### The data:
##############################

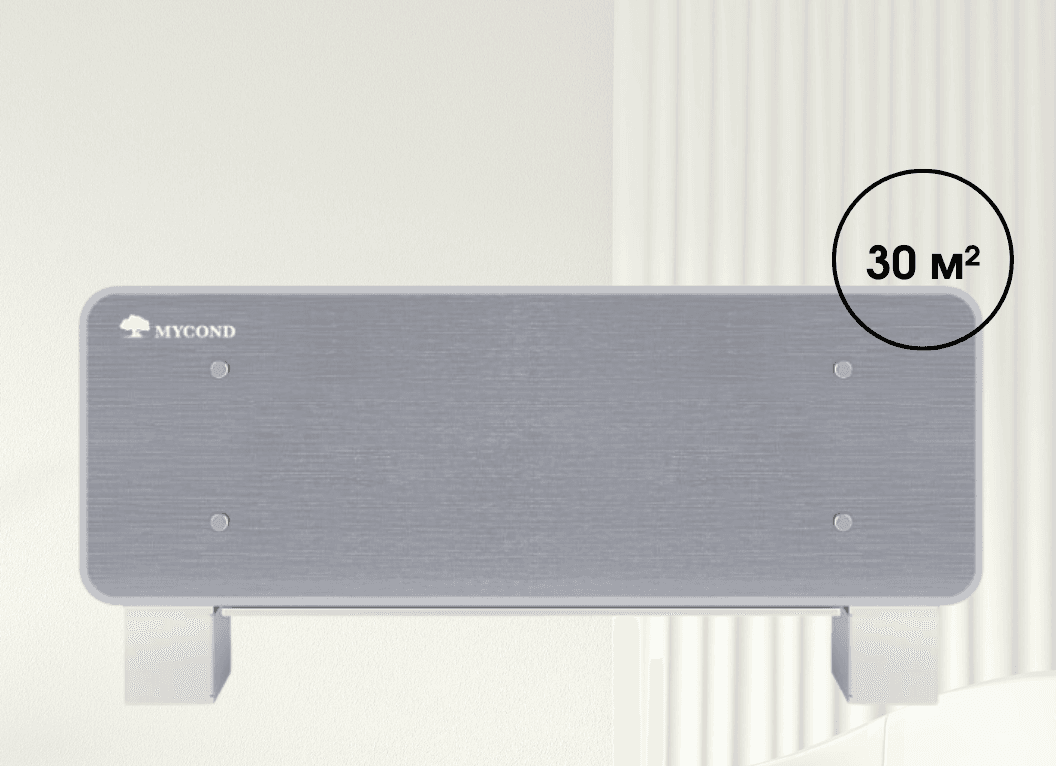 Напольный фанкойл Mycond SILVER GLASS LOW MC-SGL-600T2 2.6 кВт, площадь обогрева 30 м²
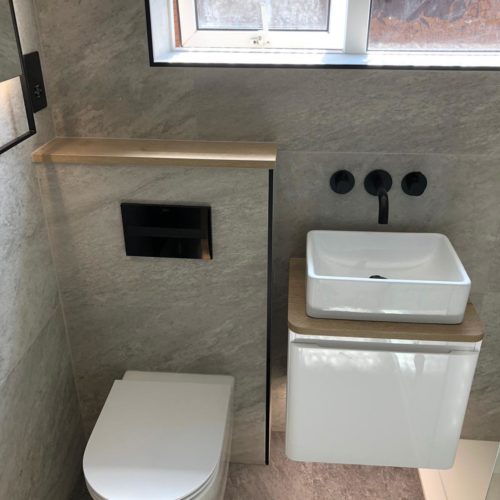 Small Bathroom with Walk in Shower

##############################

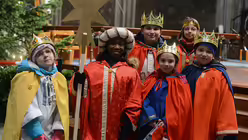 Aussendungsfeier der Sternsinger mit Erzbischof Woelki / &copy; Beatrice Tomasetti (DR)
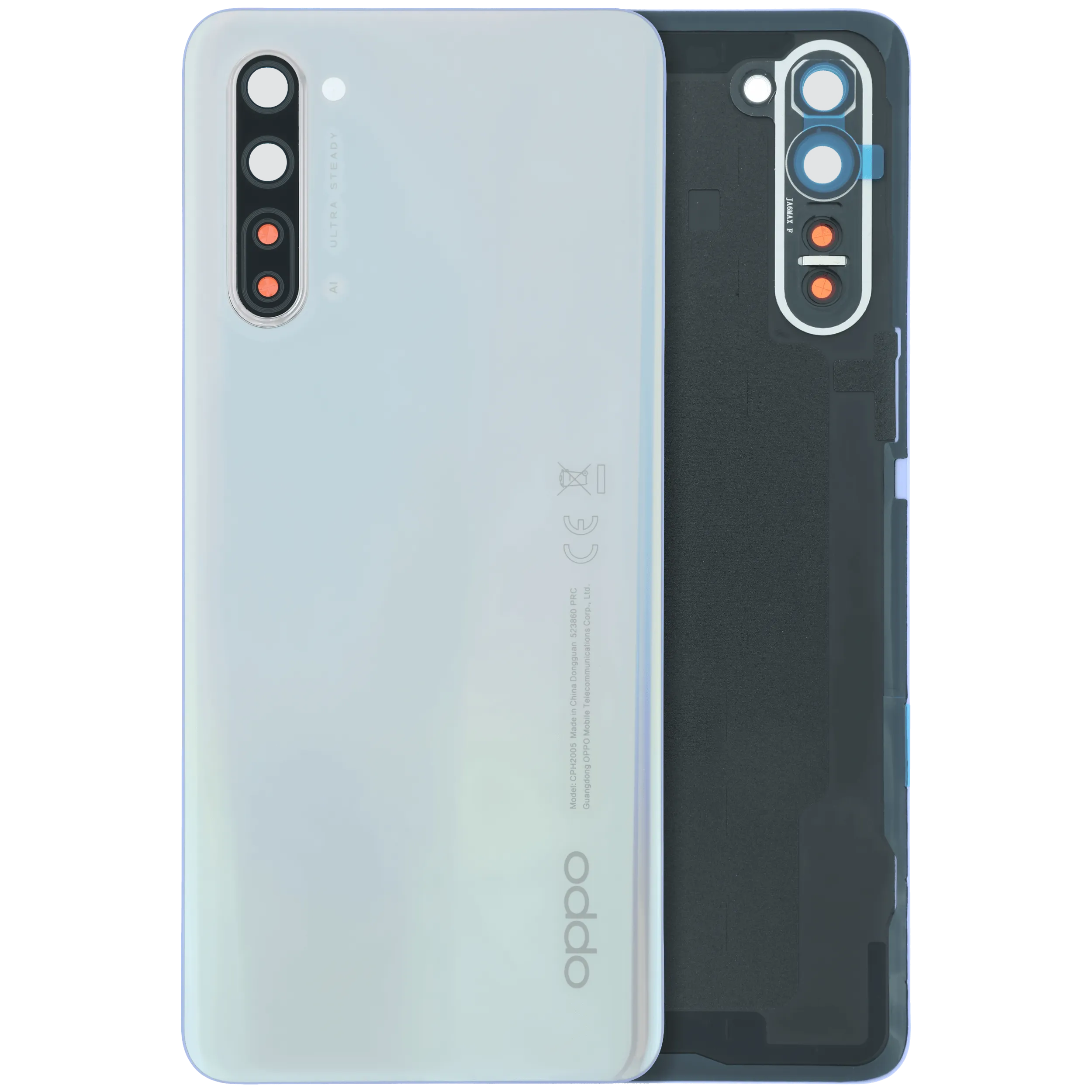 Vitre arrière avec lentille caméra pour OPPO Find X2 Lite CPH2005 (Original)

##############################

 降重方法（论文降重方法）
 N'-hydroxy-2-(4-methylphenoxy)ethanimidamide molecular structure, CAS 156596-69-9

##############################

Within the listing above, the lines starting at the one containing "Aussendungsfeier der Sternsinger" and ending at the one containing "Vitre arrière avec" are to be returned exactly. Omit the pictures.

### Answer section:
 Aussendungsfeier der Sternsinger mit Erzbischof Woelki / &copy; Beatrice Tomasetti (DR)
 Vitre arrière avec lentille caméra pour OPPO Find X2 Lite CPH2005 (Original)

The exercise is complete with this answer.